** Material provided follows **

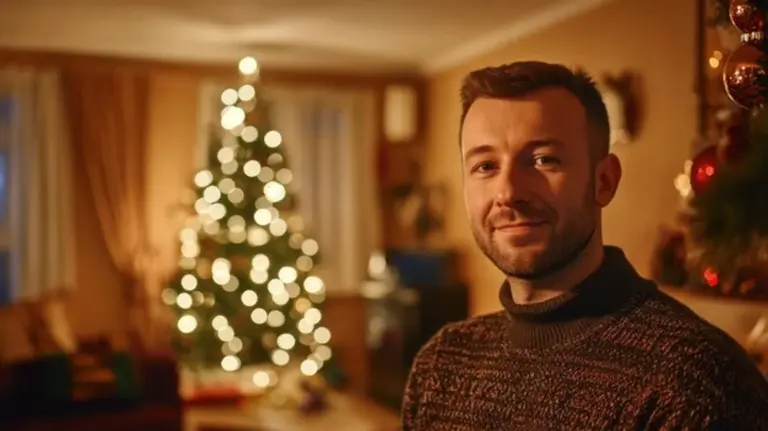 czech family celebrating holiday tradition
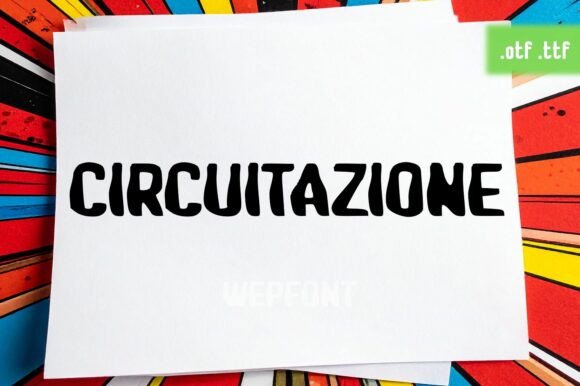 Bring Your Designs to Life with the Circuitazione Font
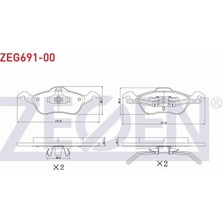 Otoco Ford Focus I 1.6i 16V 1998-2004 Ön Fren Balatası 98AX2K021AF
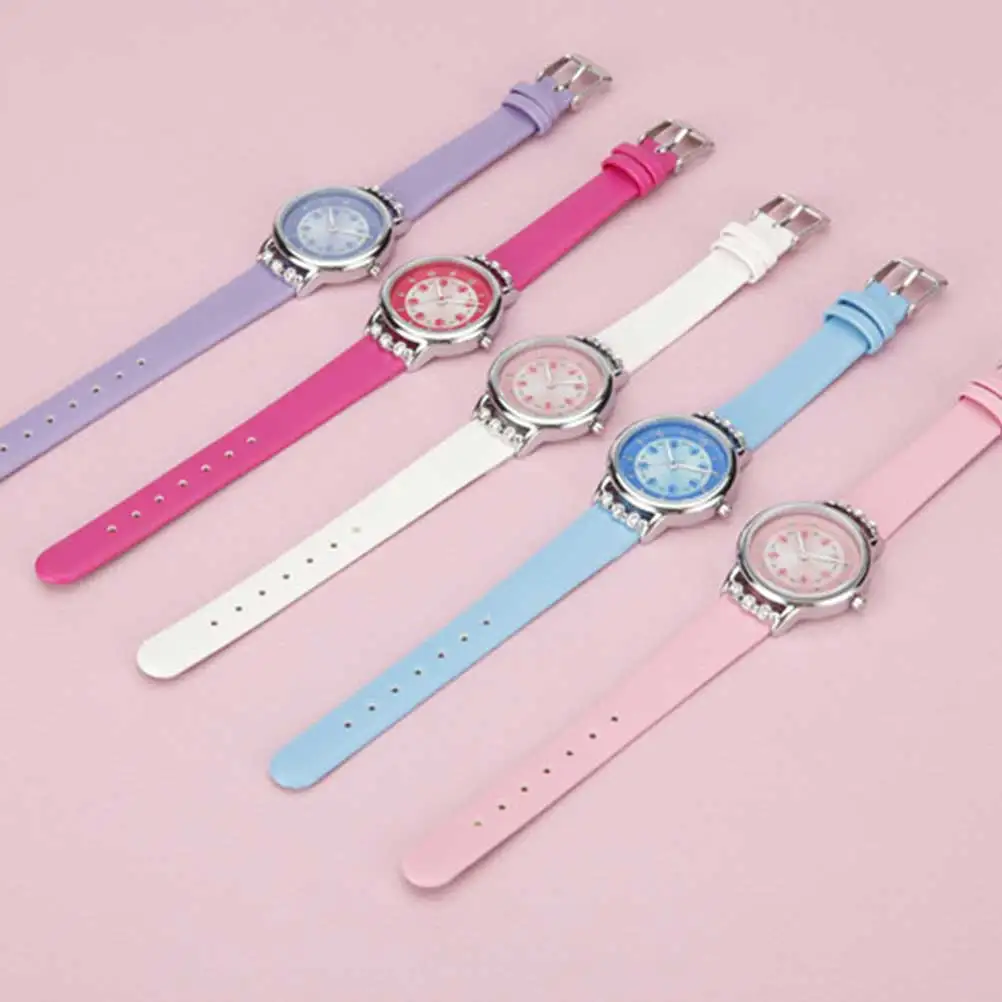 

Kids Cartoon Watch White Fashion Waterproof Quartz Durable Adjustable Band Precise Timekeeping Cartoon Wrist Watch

** End of Material provided **

**The task**
Reproduce the data above word for word and omit the images.

**Response to this task**
 czech family celebrating holiday tradition
 Bring Your Designs to Life with the Circuitazione Font
 Otoco Ford Focus I 1.6i 16V 1998-2004 Ön Fren Balatası 98AX2K021AF

Kids Cartoon Watch White Fashion Waterproof Quartz Durable Adjustable Band Precise Timekeeping Cartoon Wrist Watch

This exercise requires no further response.